Input: Begin

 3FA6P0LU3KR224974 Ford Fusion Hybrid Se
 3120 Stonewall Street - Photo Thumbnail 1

Input: End
Input: Begin

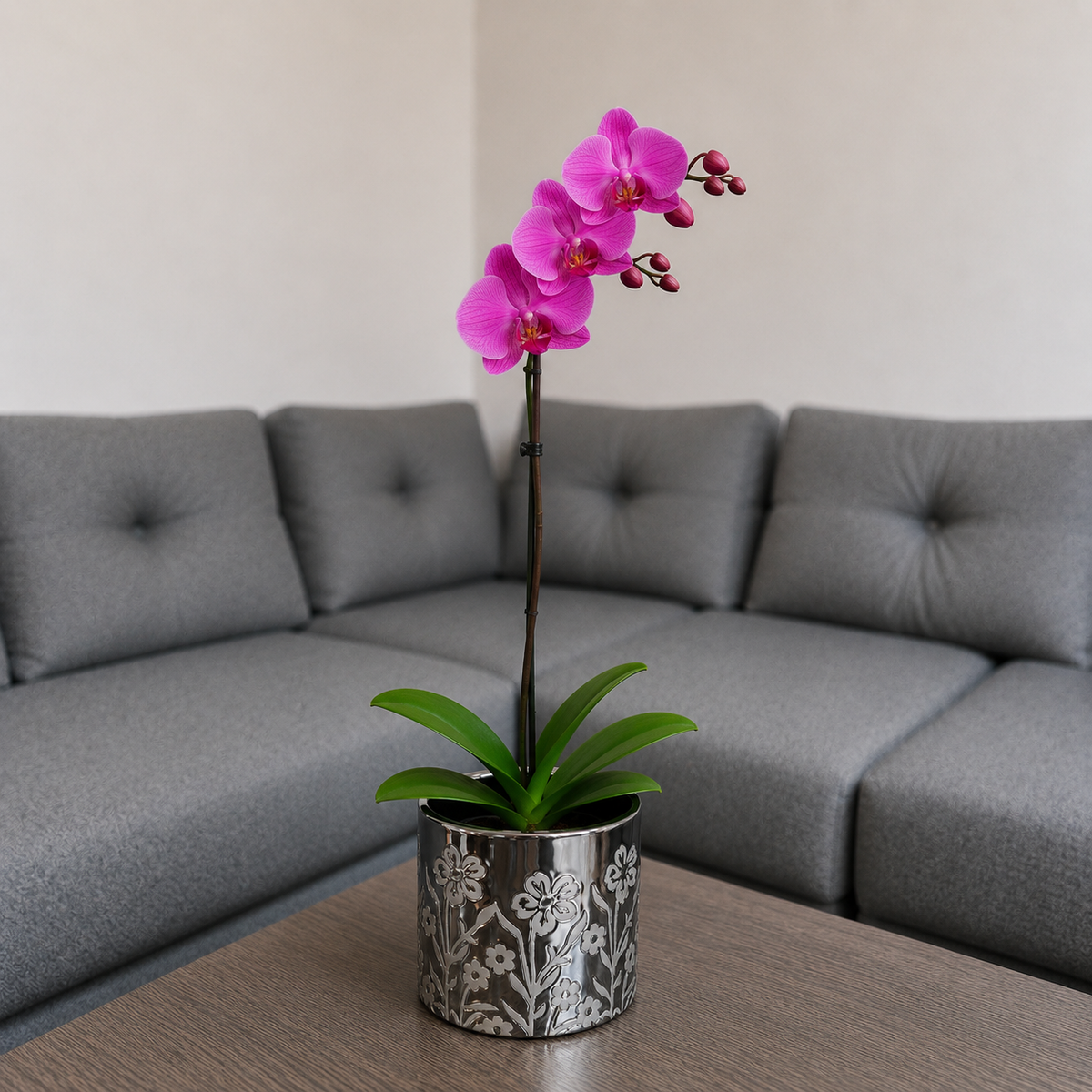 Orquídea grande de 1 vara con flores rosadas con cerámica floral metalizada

Input: End

Task requirements:
Everything from the line with "3FA6P0LU3KR224974 Ford Fusion Hybrid Se" through the line with "3120 Stonewall Street - Photo Thumbnail 1" in the listing above must be retyped exactly, with nothing added.

Solution:
 3FA6P0LU3KR224974 Ford Fusion Hybrid Se
 3120 Stonewall Street - Photo Thumbnail 1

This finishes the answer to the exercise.